### Dataset entries
-=-=-

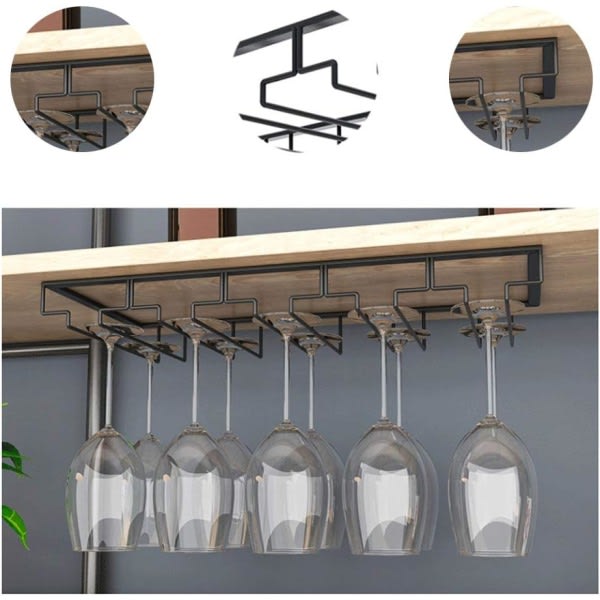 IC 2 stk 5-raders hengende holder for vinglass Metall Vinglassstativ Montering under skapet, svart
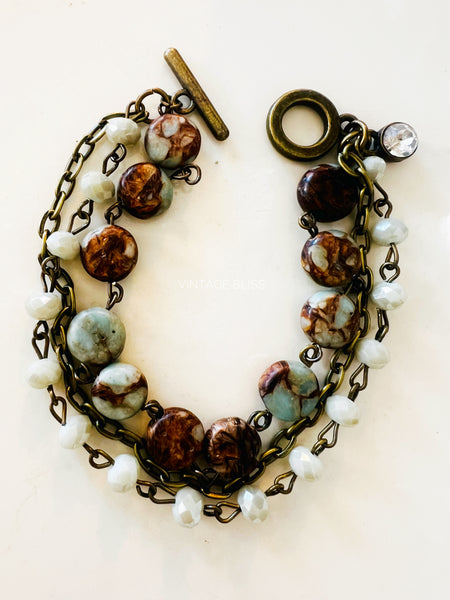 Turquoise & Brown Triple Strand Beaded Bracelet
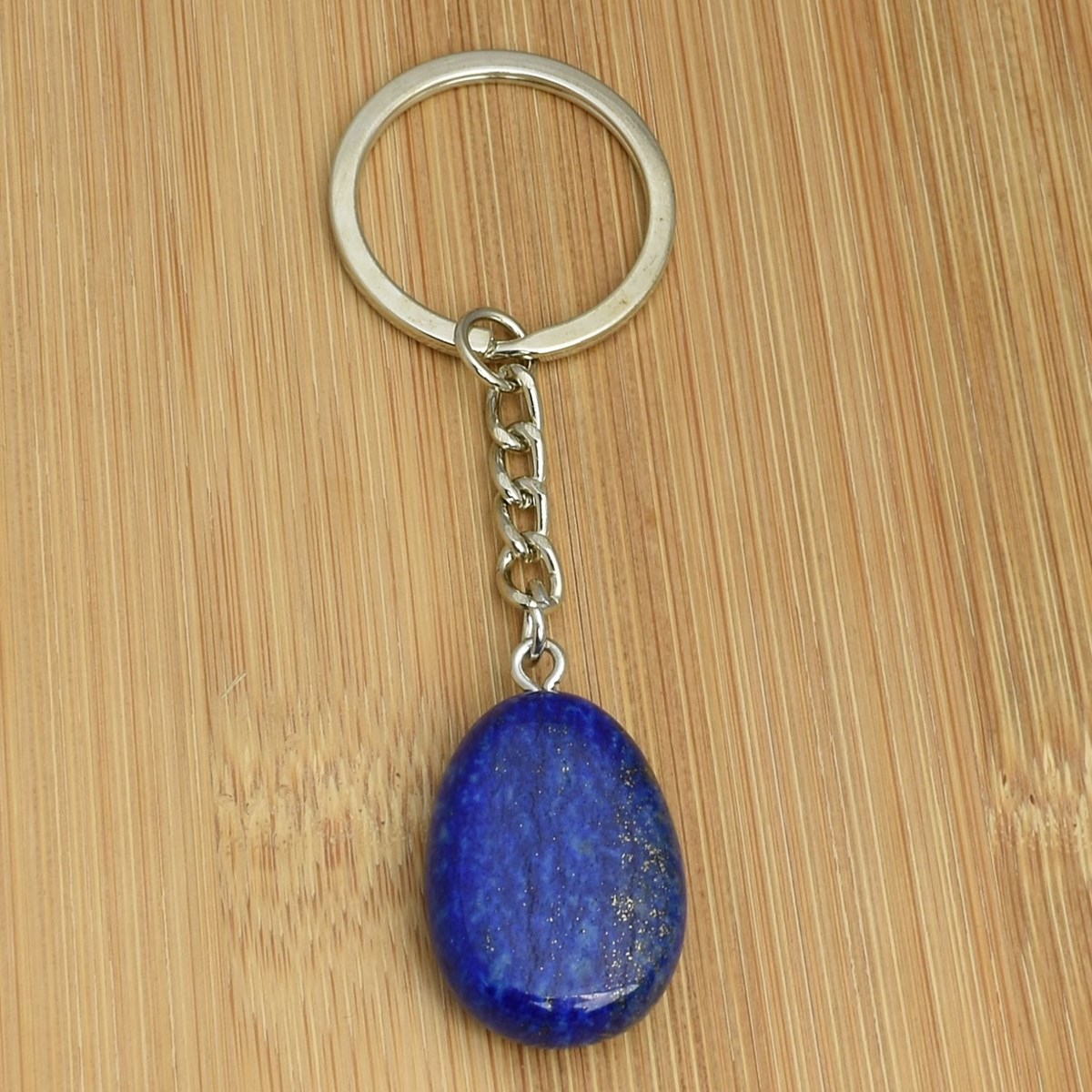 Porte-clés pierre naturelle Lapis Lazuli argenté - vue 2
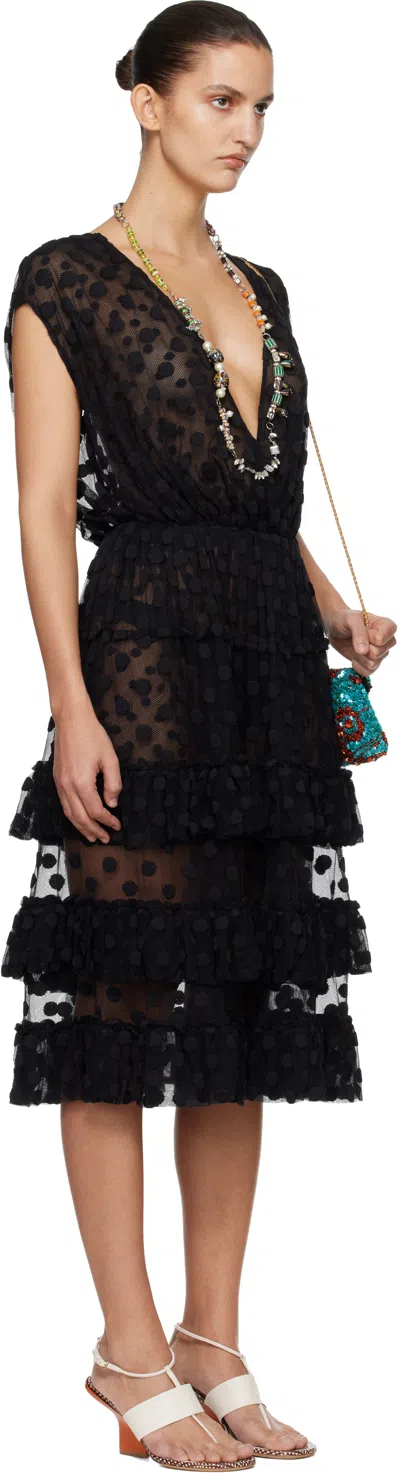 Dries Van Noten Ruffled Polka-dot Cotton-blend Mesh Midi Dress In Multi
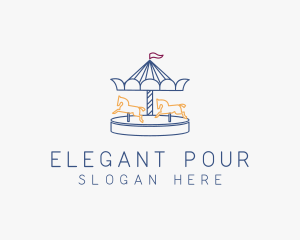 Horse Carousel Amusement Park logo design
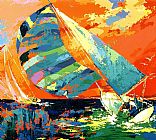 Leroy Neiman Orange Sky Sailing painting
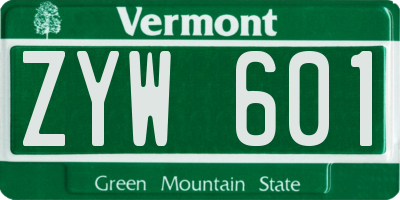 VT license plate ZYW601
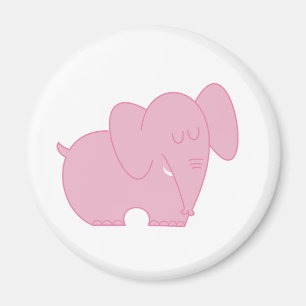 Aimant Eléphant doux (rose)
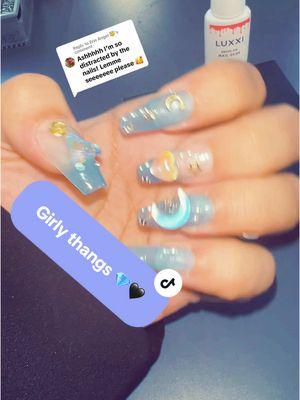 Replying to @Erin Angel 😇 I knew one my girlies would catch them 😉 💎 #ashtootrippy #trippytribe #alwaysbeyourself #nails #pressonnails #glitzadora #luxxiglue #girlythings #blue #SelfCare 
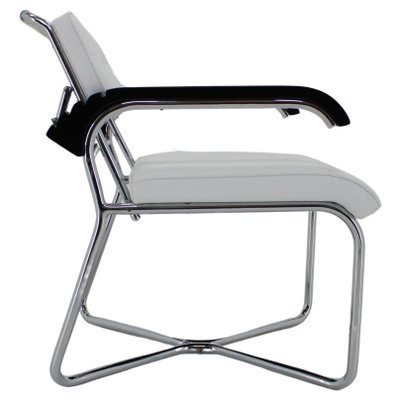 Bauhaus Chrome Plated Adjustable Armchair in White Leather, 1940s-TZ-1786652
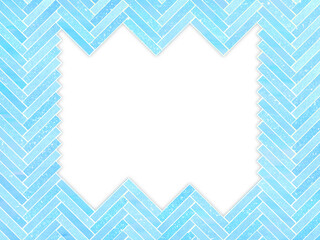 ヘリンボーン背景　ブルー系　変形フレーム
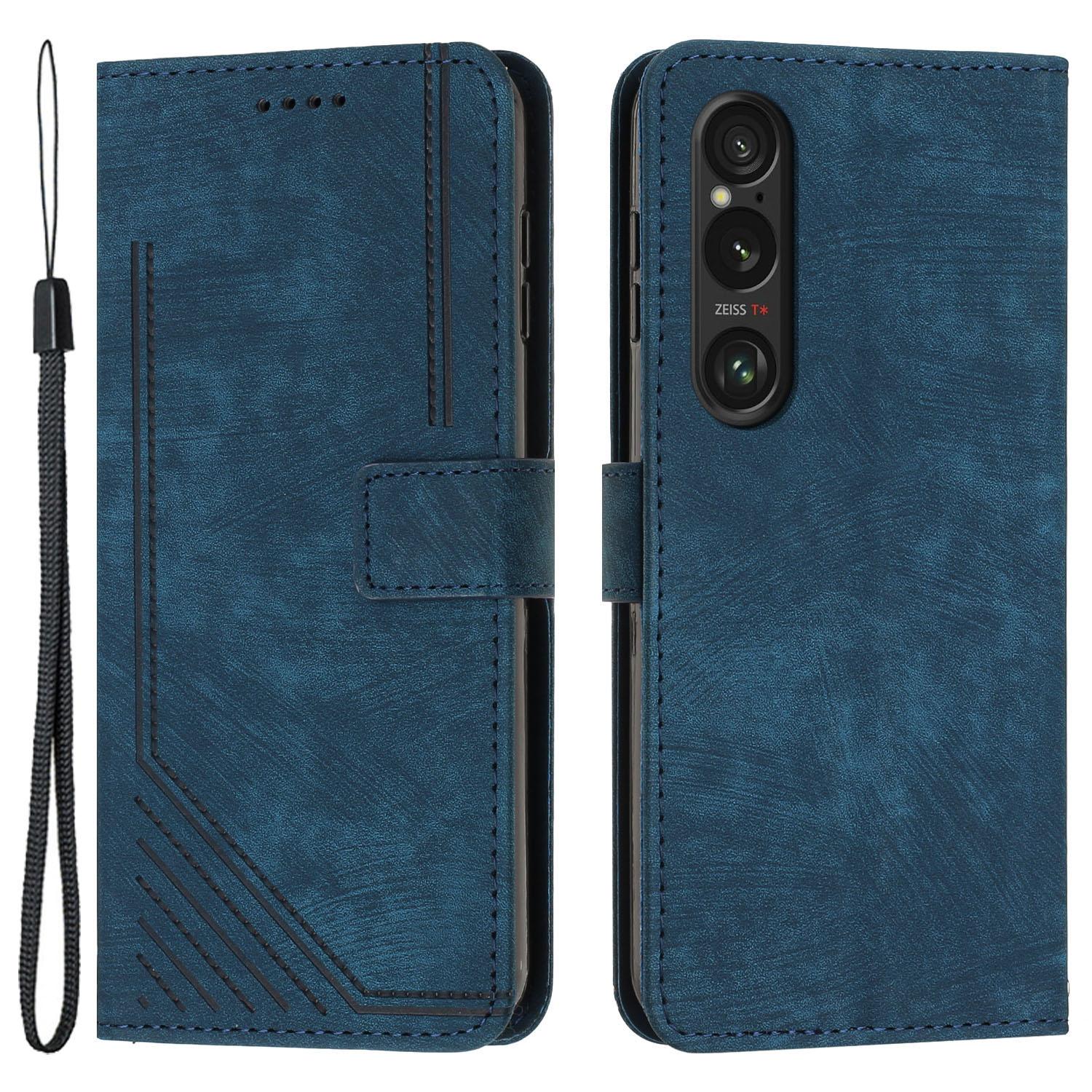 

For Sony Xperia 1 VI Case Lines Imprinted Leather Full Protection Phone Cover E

-=-=-

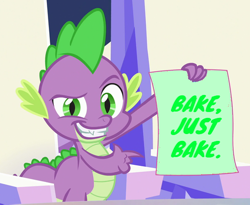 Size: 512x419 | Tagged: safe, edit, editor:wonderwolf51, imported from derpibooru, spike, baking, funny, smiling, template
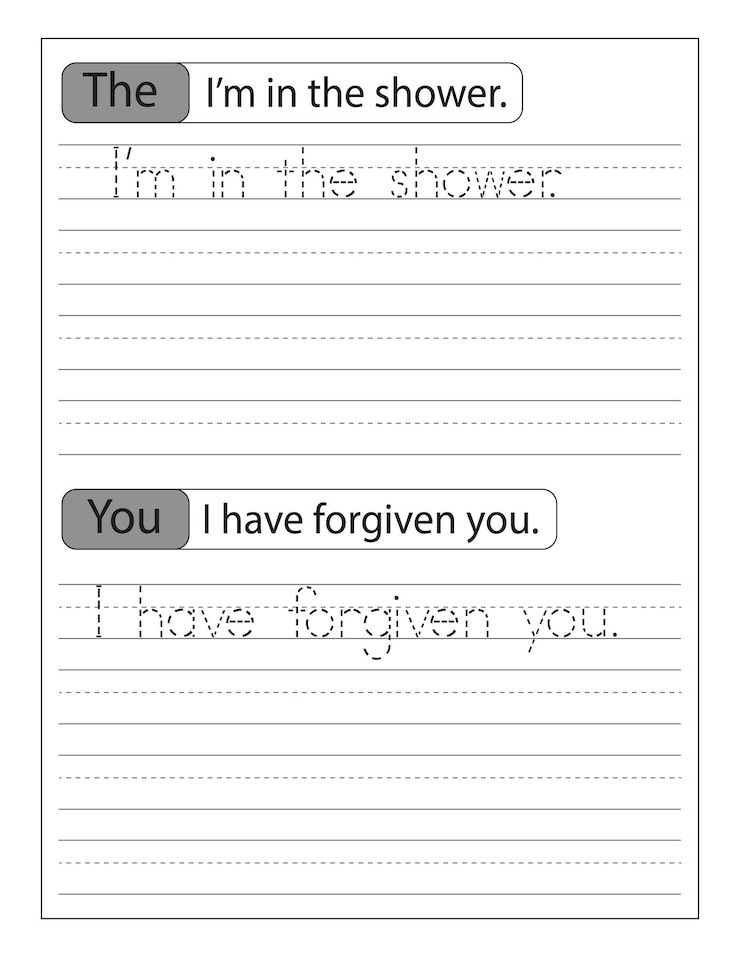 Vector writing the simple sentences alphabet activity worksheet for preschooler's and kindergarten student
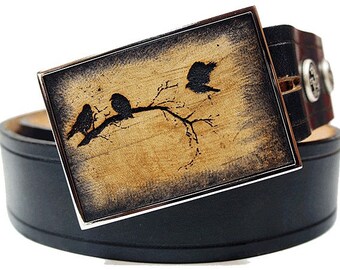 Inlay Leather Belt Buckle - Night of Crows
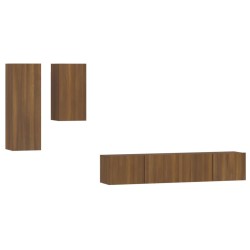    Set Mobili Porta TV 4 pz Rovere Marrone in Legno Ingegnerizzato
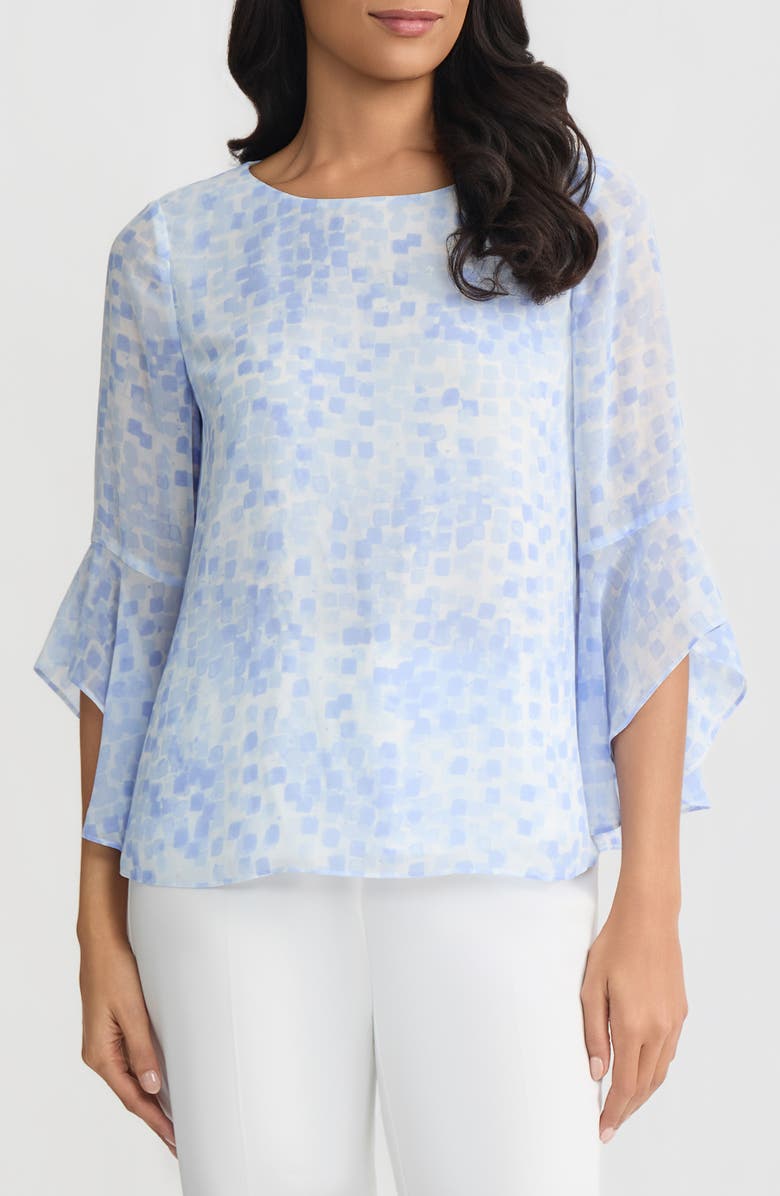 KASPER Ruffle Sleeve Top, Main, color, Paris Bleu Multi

-=-=-

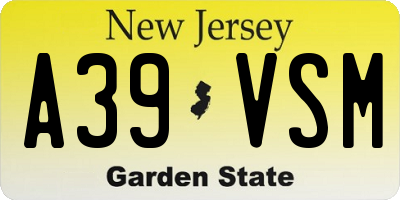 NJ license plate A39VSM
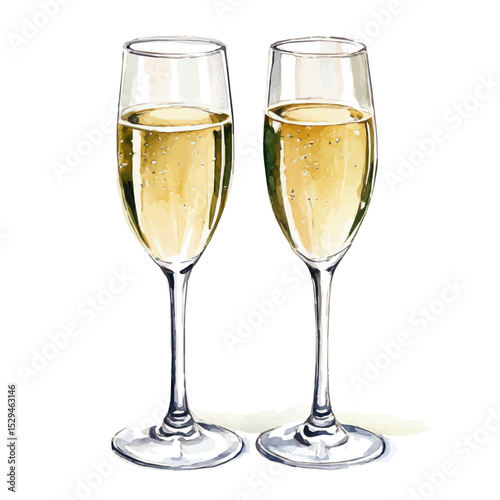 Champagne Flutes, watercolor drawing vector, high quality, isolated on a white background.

-=-=-

### What the exercise asks
In the data above, the stretch from the line with "Set Mobili Porta" through the line with "KASPER Ruffle Sleeve" is to be returned exactly, minus any pictures.

### Task response
    Set Mobili Porta TV 4 pz Rovere Marrone in Legno Ingegnerizzato
 KASPER Ruffle Sleeve Top, Main, color, Paris Bleu Multi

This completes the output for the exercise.